PEAR: Equal Area Weather Forecasting on the Sphere
This work addresses biases in weather forecasting for meteorology and climate sciences, representing an incremental improvement over existing deep learning models.
The authors tackled the problem of unphysical biases in global weather forecasting models by proposing a transformer-based model that operates on an equal-area grid (HEALPix), outperforming the previous state-of-the-art model on a biased grid without computational overhead.
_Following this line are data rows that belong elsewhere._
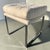 Milo Baughman Style Chrome Upholstered Stool For Sale - Image 11 of 14
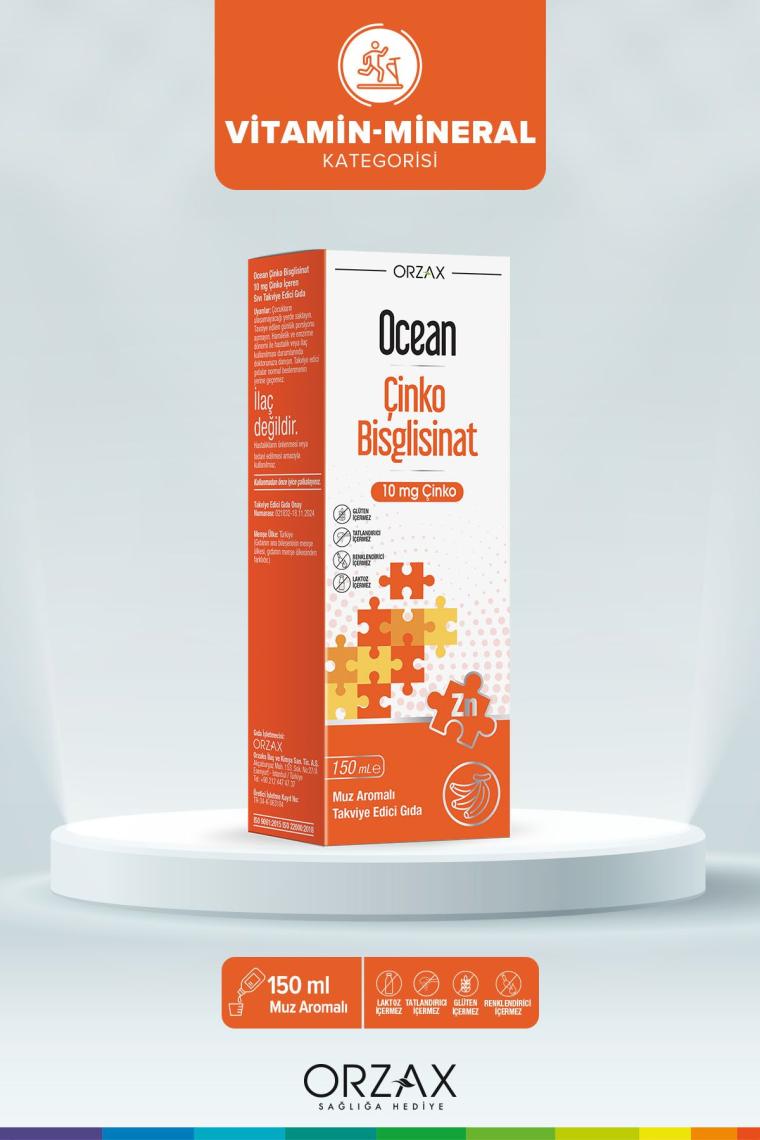 Çinko Bisglisinat 150 ml - Muz Aromalı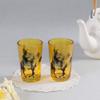 KOLOROBIA Camel Glory Chai Glass/Tea Glass, Flame Proof, Microwave & Dishwasher Safe | for Daily Use & Gifting, 200 ML (Set of 2) view 2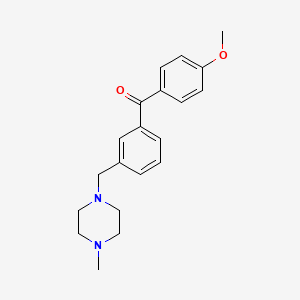 4'-Methoxy-3-(4-methylpiperazinomethyl) benzophenone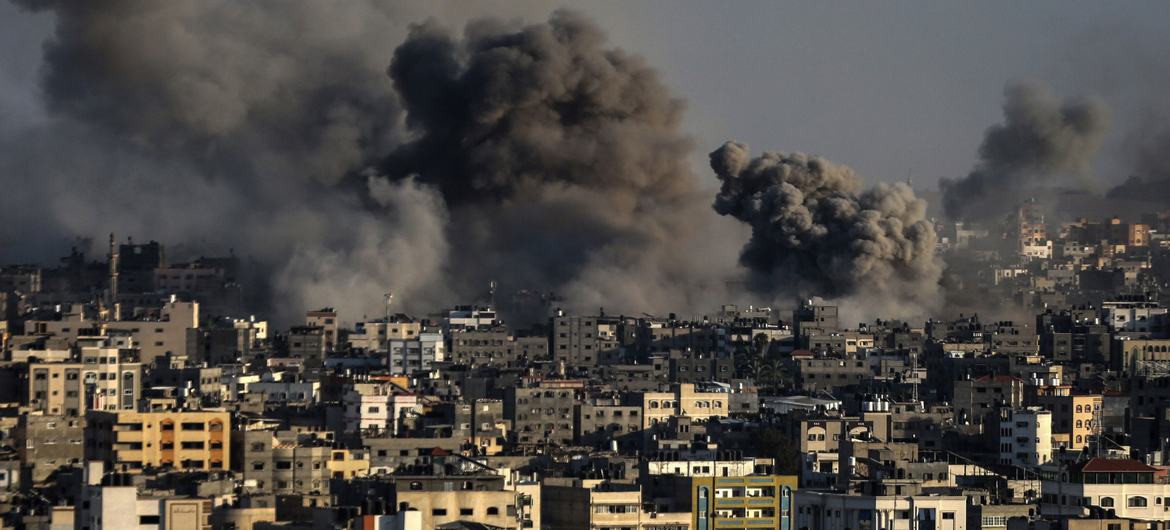Air strikes continue in Gaza.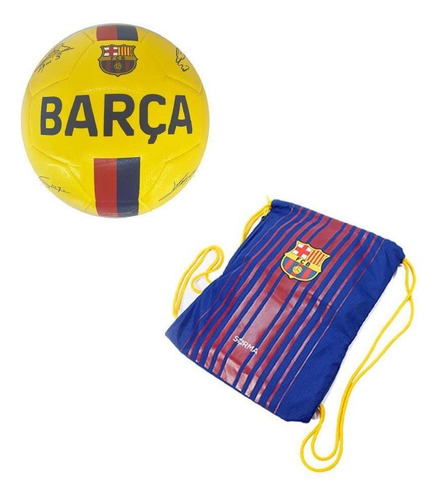 Imagen 1 de 5 de Combo Pelota N5+botinero Mochila Deportiva Barca Lic Oficial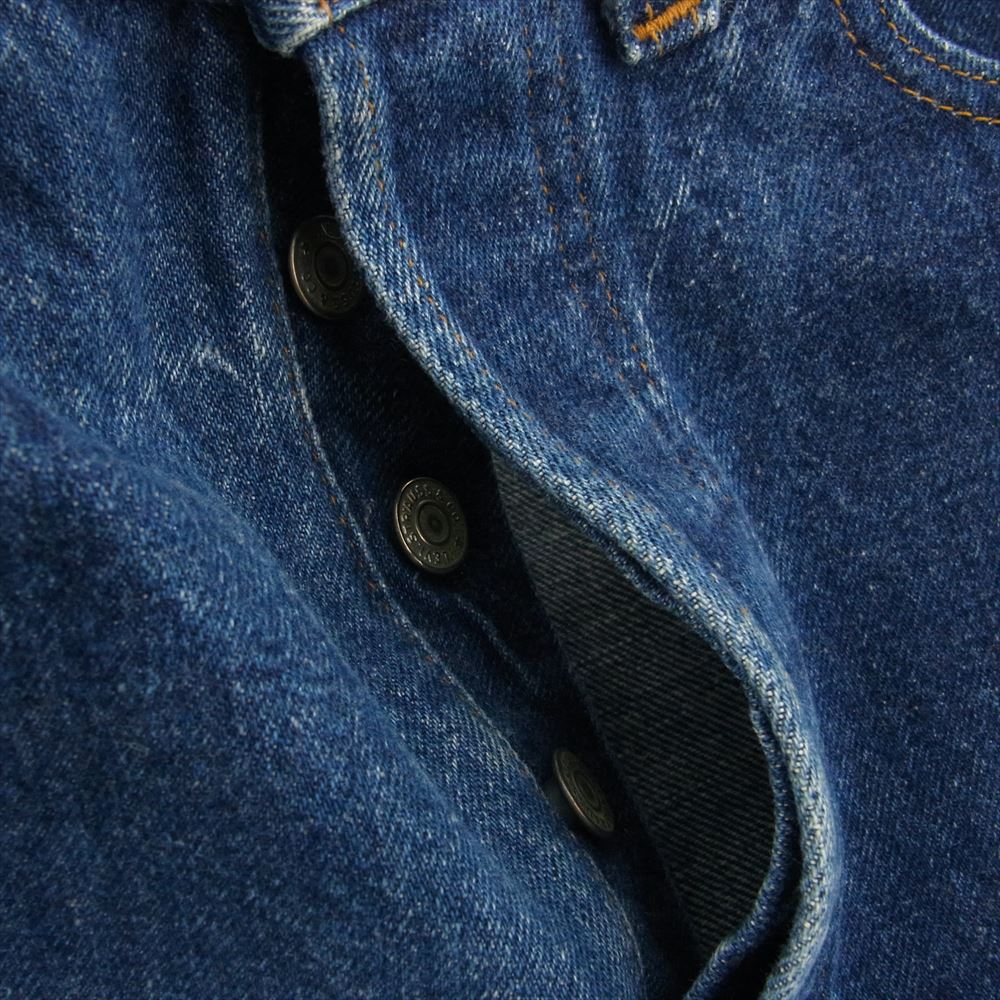 Levi's リーバイス 501 66前期 ボタン裏6 smalle スモールe CARE入り ボタンフライ 赤耳 ストレート デニムパンツ W35【中古】 Levi's リーバイス 501 66前期 ボタン裏6 smalle スモールe CARE入り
Machine learning methods for global medium-range weather forecasting have recently received immense attention. Following the publication of the Pangu Weather model, the first deep learning model to outperform traditional numerical simulations of the atmosphere, numerous models have been published in this domain, building on Pangu's success. However, all of these models operate on input data and produce predictions on the Driscoll--Healy discretization of the sphere which suffers from a much finer grid at the poles than around the equator. In contrast, in the Hierarchical Equal Area iso-Latitude Pixelization (HEALPix) of the sphere, each pixel covers the same surface area, removing unphysical biases. Motivated by a growing support for this grid in meteorology and climate sciences, we propose to perform weather forecasting with deep learning models which natively operate on the HEALPix grid. To this end, we introduce Pangu Equal ARea (PEAR), a transformer-based weather forecasting model which operates directly on HEALPix-features and outperforms the corresponding model on Driscoll--Healy without any computational overhead.